Re: [systemd-devel] Regarding service rate limiting (systemd 237)

2022-07-22 Thread Michal Koutný
On Fri, Jul 22, 2022 at 06:14:11PM +0530, Ani A  wrote:
> Found the issue, posting here to close this thread (and possibly help
> someone who might land in this situation!)

Thanks for sharing.

> The daemon which had issues with rate-limit, was invoking some
> `systemctl stop/start `
>  commands in its initialization! (probably this has some unwanted side 
> effects?)

Timing comes to my mind that could affect that.

> If I eliminate that, then the rate-limit on the main daemon works fine! :)

Yeah, better use explicit dependencies (Wants=/After=) instead of such a
call-back.

Michal


Re: [systemd-devel] Regarding service rate limiting (systemd 237)

2022-07-22 Thread Ani A
Hi Michal,

Found the issue, posting here to close this thread (and possibly help
someone who might land in this situation!)

The daemon which had issues with rate-limit, was invoking some
`systemctl stop/start `
 commands in its initialization! (probably this has some unwanted side effects?)
If I eliminate that, then the rate-limit on the main daemon works fine! :)

Thanks.
--
Ani


Re: [systemd-devel] Regarding service rate limiting (systemd 237)

2022-07-14 Thread Michal Koutný
Hello.

On Thu, Jul 14, 2022 at 09:29:37PM +0530, Ani A  wrote:
> StartLimitIntervalUSec=5min 20s   
> StartLimitBurst=5
> StartLimitAction=none
> 
> The time is sufficient for 5 restarts, but still daemon keeps restarting!
> 
> Scheduled restart job, restart counter is at 6

If the 5 restarts fit into the 320 seconds, then the start rate limit
won't be active. You write it's sufficient so that sounds to me that
your rate limit is too high to affect real service.

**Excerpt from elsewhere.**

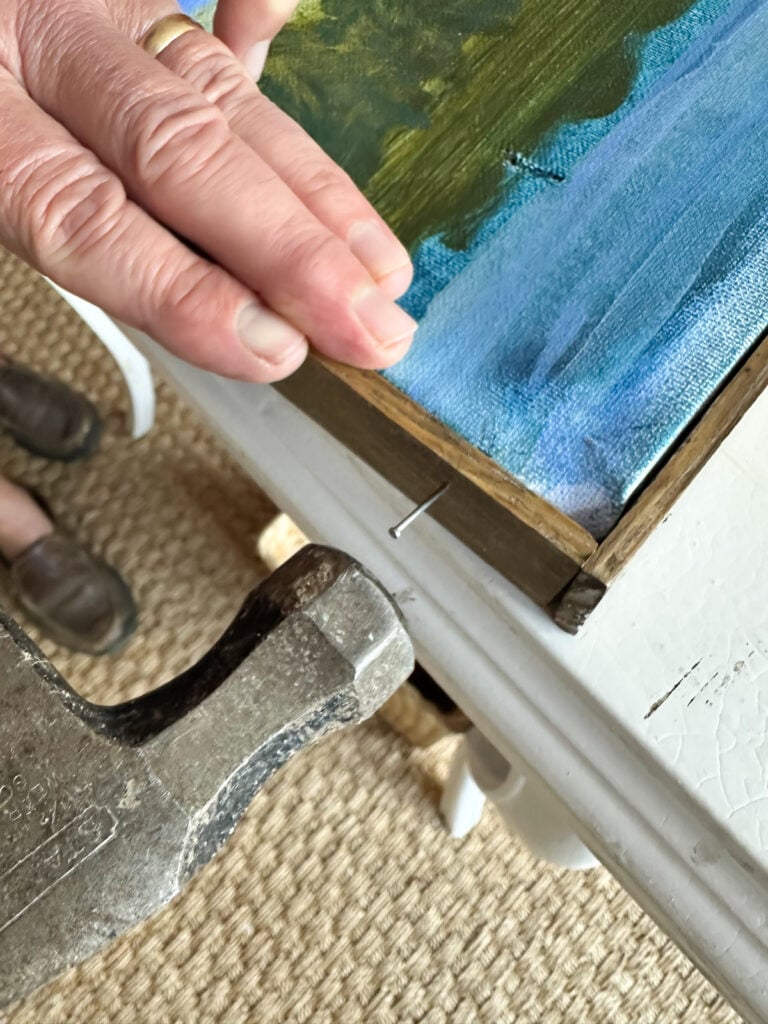 hammering in a nail to attach wood frame to art canvas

Therefore, I'd
suggest decrasing StartLimitBurst= or prolonging StartLimitIntervalSec=
(so that limit rate is _lower_ than pathologic fatal restart rate).

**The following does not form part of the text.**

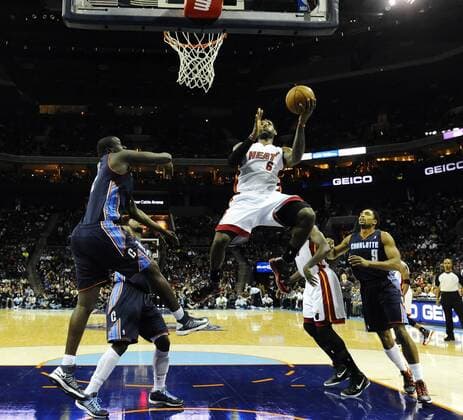 Dec. 26, 2012 - Charlotte, NC, USA - The Miami Heat s LeBron James (6) drives in between the Charlotte Bobcats DeSagana Diop (2) and Gerald Henderson (9) during the first half at Time Warner Cable Arena in Charlotte, North Carolina, on Wednesday, December 26, 2012. Miami at Charlotte - ZUMAm67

> Also, how to get rid of this:
> 
>Unknown serialization key: ref-gid
> 
> ?

The upstream is typically concerned about last two systemd versions, so
unless this happens with v251 or v250, I don't know, I'm sorry.

Michal


Re: [systemd-devel] Regarding service rate limiting (systemd 237)

2022-07-14 Thread Ani A
Hi Michal,

>> systemctl show $UNIT | grep -E 
>> "StartLimit.*|InactiveExitTimestamp|ActiveEnterTimestamp"

This is the output from unit show :

InactiveExitTimestamp=Thu 2022-07-14 21:19:16 IST
InactiveExitTimestampMonotonic=3181663063
ActiveEnterTimestamp=Thu 2022-07-14 21:19:16 IST
ActiveEnterTimestampMonotonic=3181663063
StartLimitIntervalUSec=5min 20s   
StartLimitBurst=5
StartLimitAction=none

The time is sufficient for 5 restarts, but still daemon keeps restarting!

Scheduled restart job, restart counter is at 6

Also, how to get rid of this:

   Unknown serialization key: ref-gid

?

--
Ani


Re: [systemd-devel] Regarding service rate limiting (systemd 237)

2022-07-12 Thread Michal Koutný
On Tue, Jul 12, 2022 at 03:36:55PM +0530, Ani A  wrote:
> Demo services work fine, the actual service is quite heavy and takes
> time to startup.
> 
> > you may not reach the sufficient fail rate for start limit to kick
> I didn't get this part.

I meant that your values might have corresponded to too high (re)start
rate and the real service is slower, i.e. below that limit.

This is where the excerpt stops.